Task goal
Print the lines of the listing below verbatim from its first line through the line bearing "DC Comics Sgt". Any pictures are to be omitted.

Records shown: Begin

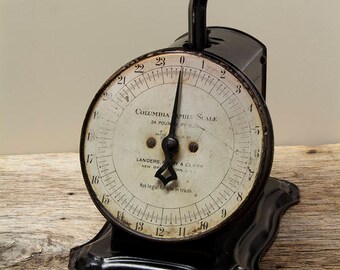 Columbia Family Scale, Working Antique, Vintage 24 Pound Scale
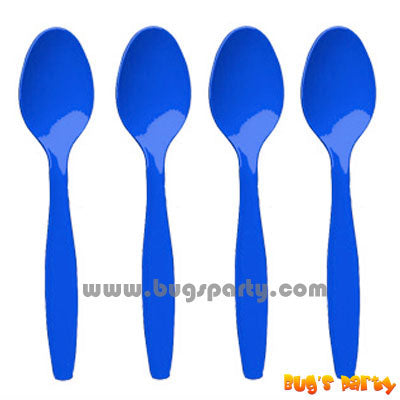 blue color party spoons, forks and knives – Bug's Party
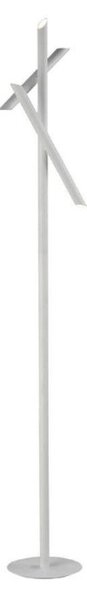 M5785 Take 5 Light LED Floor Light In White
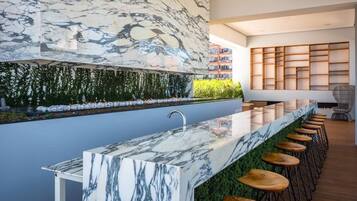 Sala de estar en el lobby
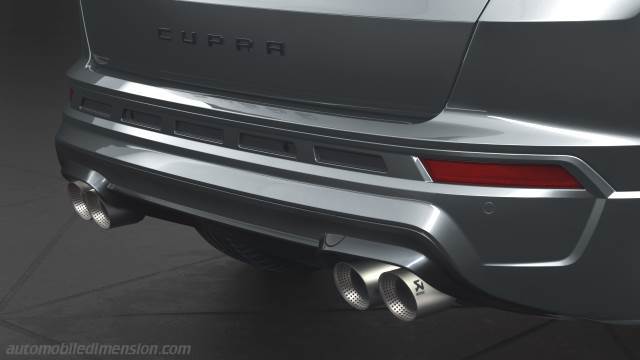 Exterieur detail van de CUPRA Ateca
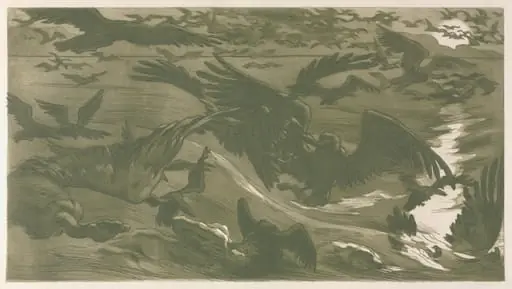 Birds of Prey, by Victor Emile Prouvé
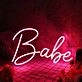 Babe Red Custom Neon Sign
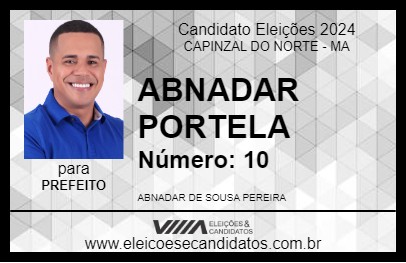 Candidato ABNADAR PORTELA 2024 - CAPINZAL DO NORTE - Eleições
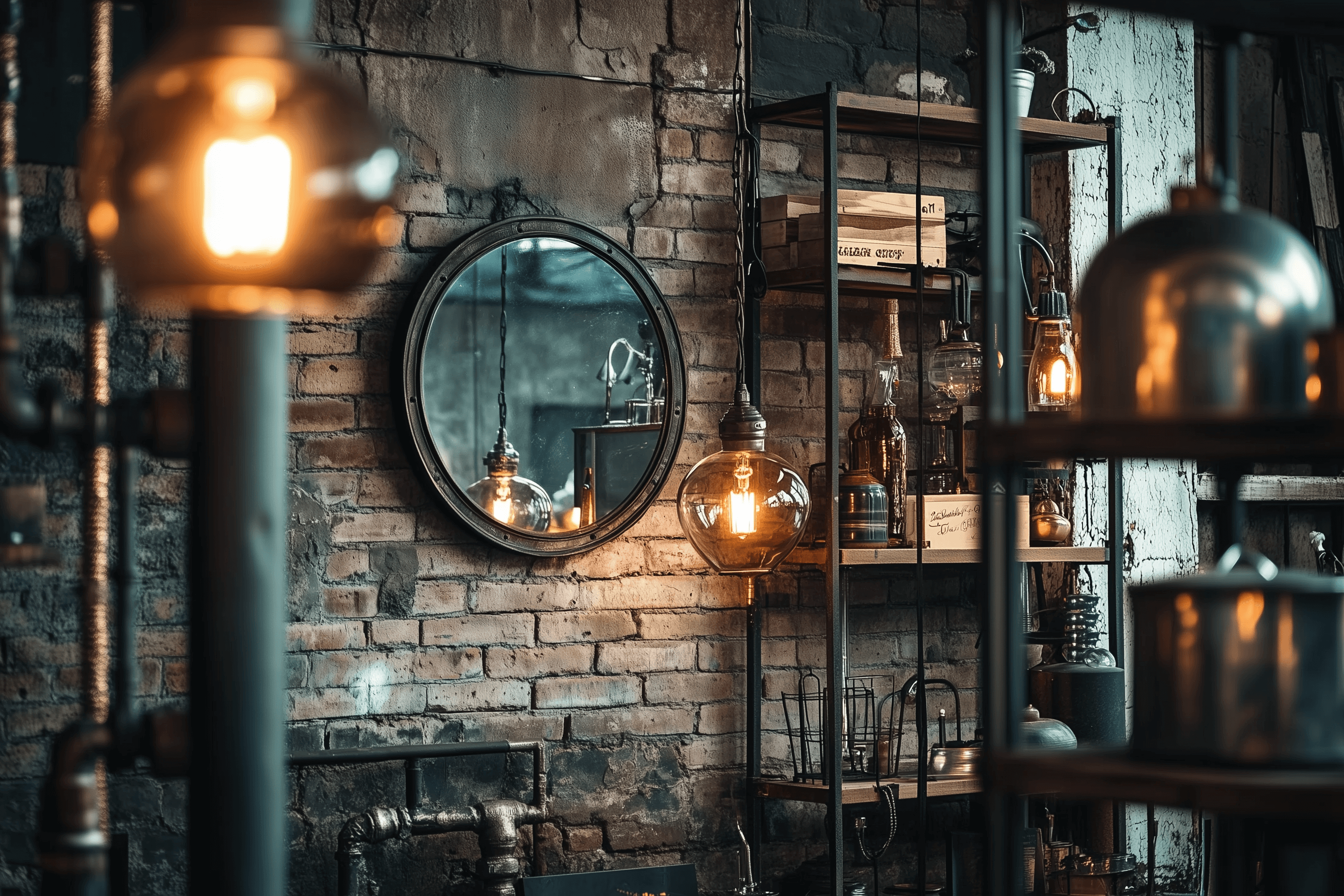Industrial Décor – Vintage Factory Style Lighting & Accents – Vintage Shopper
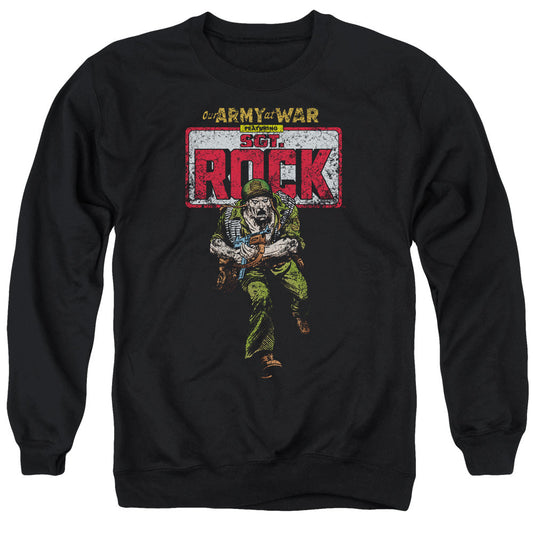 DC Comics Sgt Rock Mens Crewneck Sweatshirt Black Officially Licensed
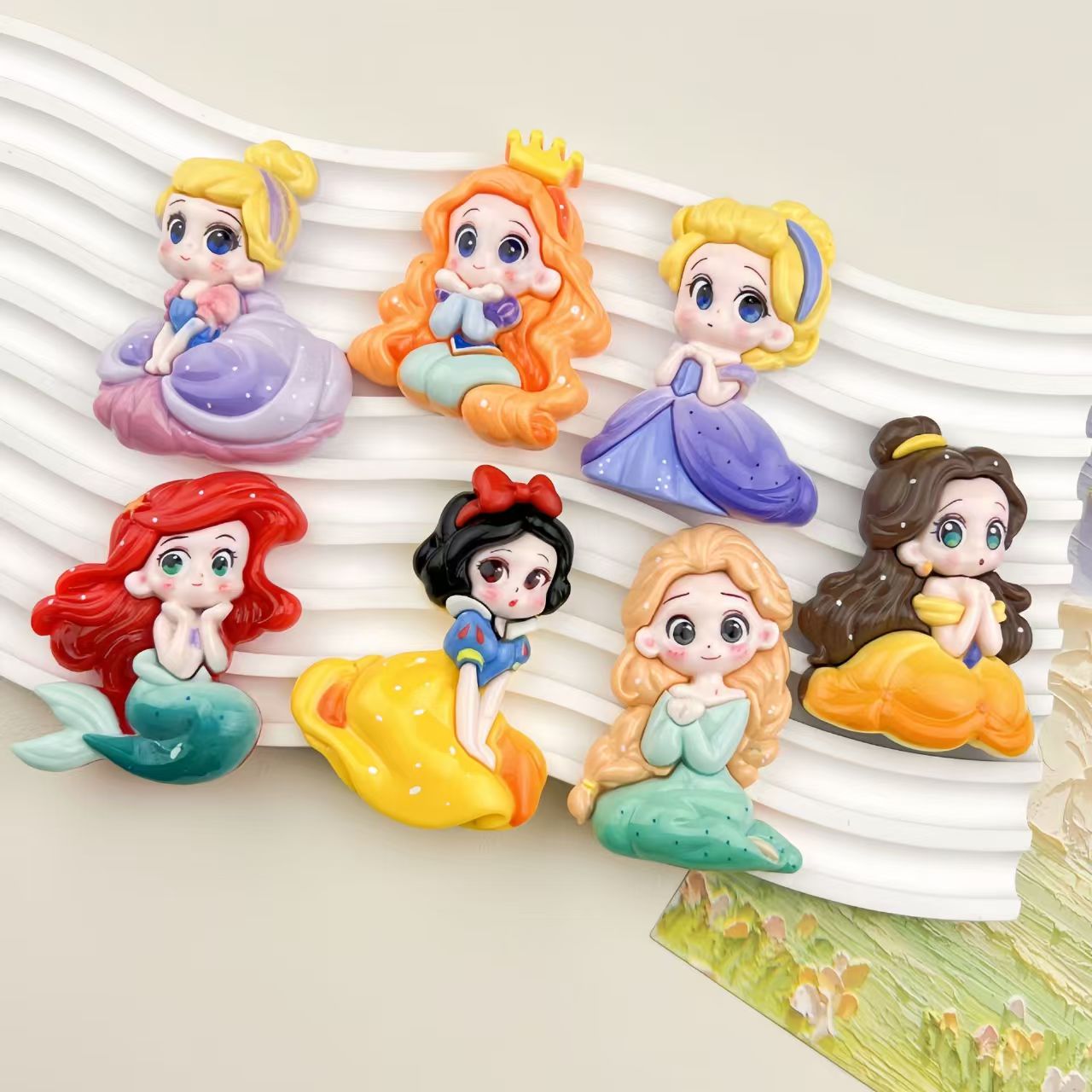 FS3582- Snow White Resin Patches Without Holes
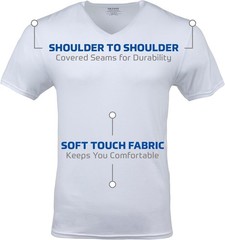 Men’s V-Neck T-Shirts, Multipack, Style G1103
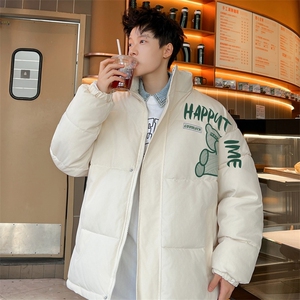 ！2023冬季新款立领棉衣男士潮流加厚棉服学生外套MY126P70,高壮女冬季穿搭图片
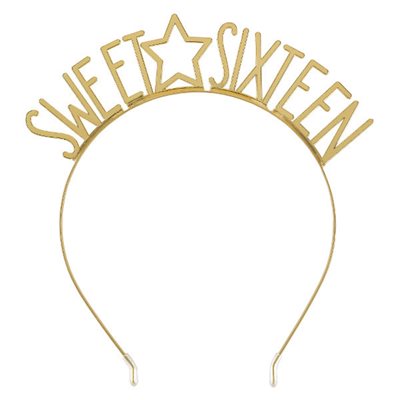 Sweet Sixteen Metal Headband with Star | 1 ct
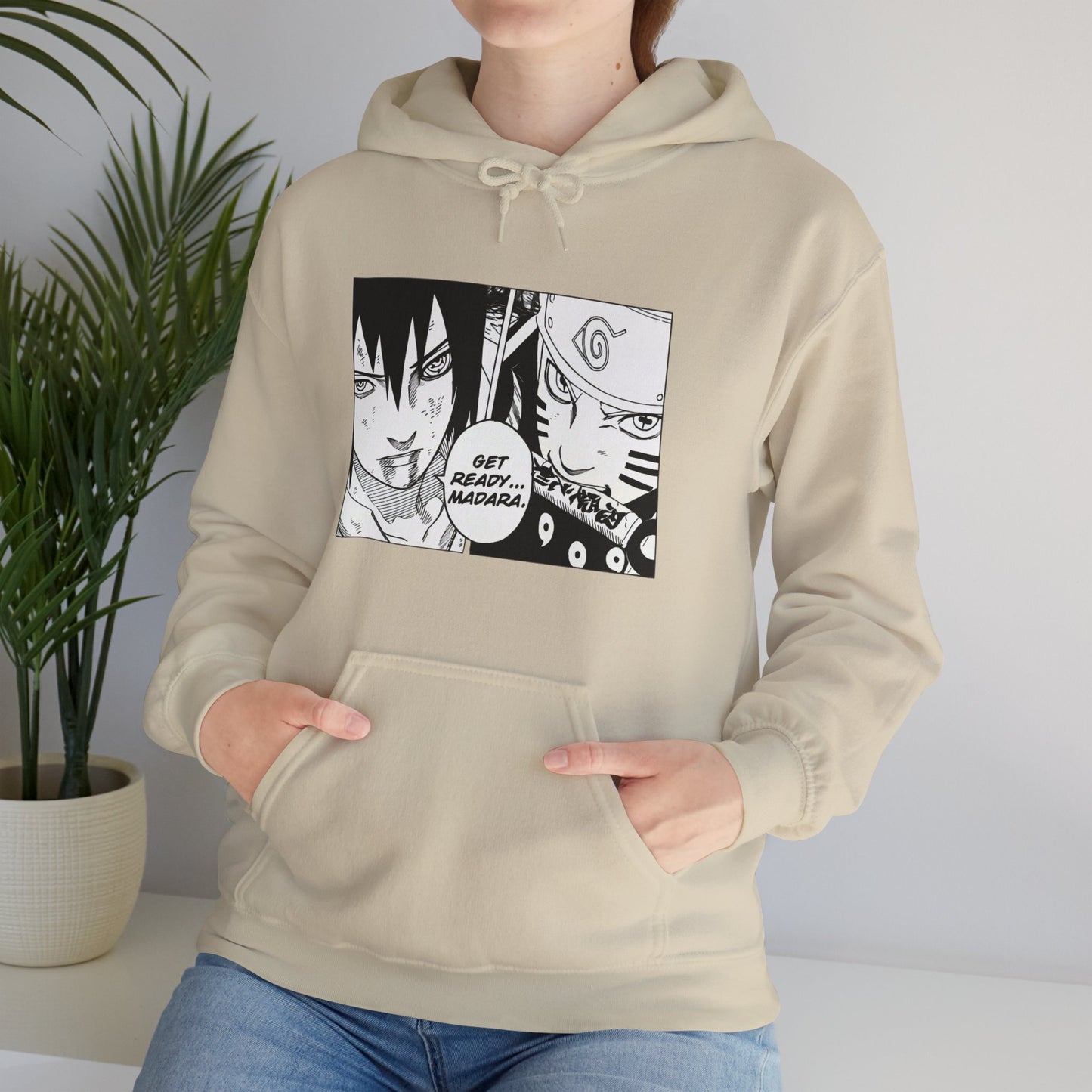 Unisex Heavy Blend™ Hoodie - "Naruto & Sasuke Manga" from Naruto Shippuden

Records shown: End

Completed exercise
 Columbia Family Scale, Working Antique, Vintage 24 Pound Scale
 blue color party spoons, forks and knives – Bug's Party
 M5785 Take 5 Light LED Floor Light In White
 Sala de estar en el lobby
 Exterieur detail van de CUPRA Ateca
 Birds of Prey, by Victor Emile Prouvé
 Babe Red Custom Neon Sign
 Candidato ABNADAR PORTELA 2024 - CAPINZAL DO NORTE - Eleições
Industrial Décor – Vintage Factory Style Lighting & Accents – Vintage Shopper
 DC Comics Sgt Rock Mens Crewneck Sweatshirt Black Officially Licensed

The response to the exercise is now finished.